**Task:** Since only the words are wanted, reproduce every entry exactly and leave the images behind.

**Working data:**
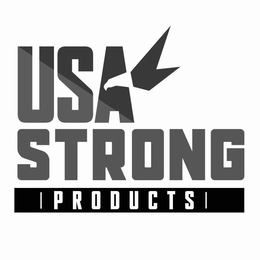 USA STRONG PRODUCTS trademark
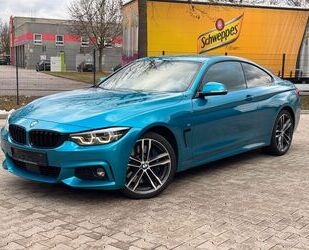 BMW BMW 440i DE FZG xDrive M Sport LED ACC NAVI HUD Gebrauchtwagen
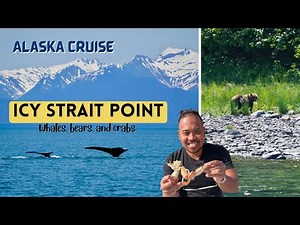 Whale Watching Icy Strait Point | Alaska Cruise | Royal Caribbean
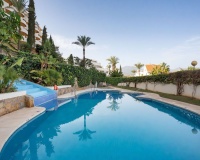 Wiederverkauf - apartment - Marbella - Nueva Andalucía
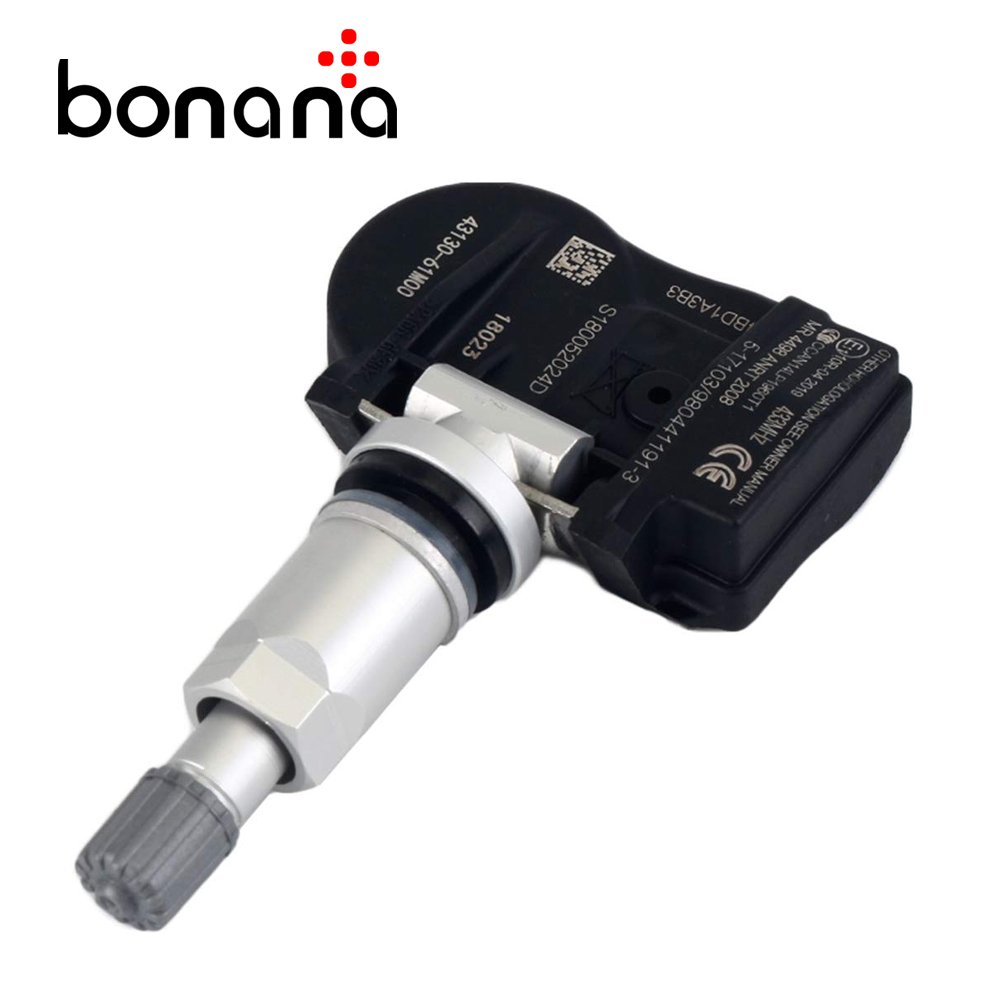 4313961M00 Tire Pressure Monitoring System Sensor for Suzuki Alto Baleno Ignis Jimny Swift 43139-61M00
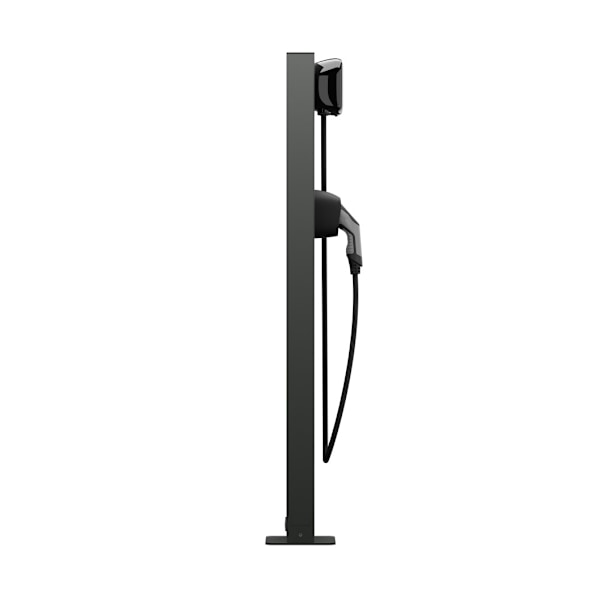 Wallbox, Piedestal Eiffel Basic Dual för Pulsar-familjen, Svart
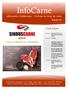 InfoCarne Informativo Sinduscarne: Notícias do setor da carne Edição 96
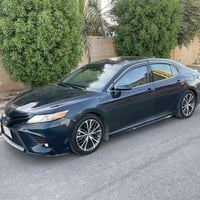 كامري XSE • ٢٠٢٠ • رقم بغداد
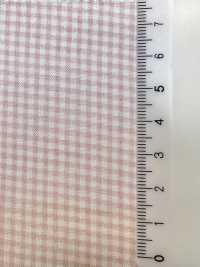 DH13194L Poplin Homie (Xadrez Vichy)[Têxtil / Tecido] VANCET subfoto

**Result of this task:**
 USA STRONG PRODUCTS trademark
 BMW BMW 440i DE FZG xDrive M Sport LED ACC NAVI HUD Gebrauchtwagen
 Whale Watching Icy Strait Point | Alaska Cruise | Royal Caribbean
 Wiederverkauf - apartment - Marbella - Nueva Andalucía
 4313961M00 Tire Pressure Monitoring System Sensor for Suzuki Alto Baleno Ignis Jimny Swift 43139-61M00
 Wallbox, Piedestal Eiffel Basic Dual för Pulsar-familjen, Svart
 InfoCarne Informativo Sinduscarne: Notícias do setor da carne Edição 96
 كامري XSE • ٢٠٢٠ • رقم بغداد
 DH13194L Poplin Homie (Xadrez Vichy)[Têxtil / Tecido] VANCET subfoto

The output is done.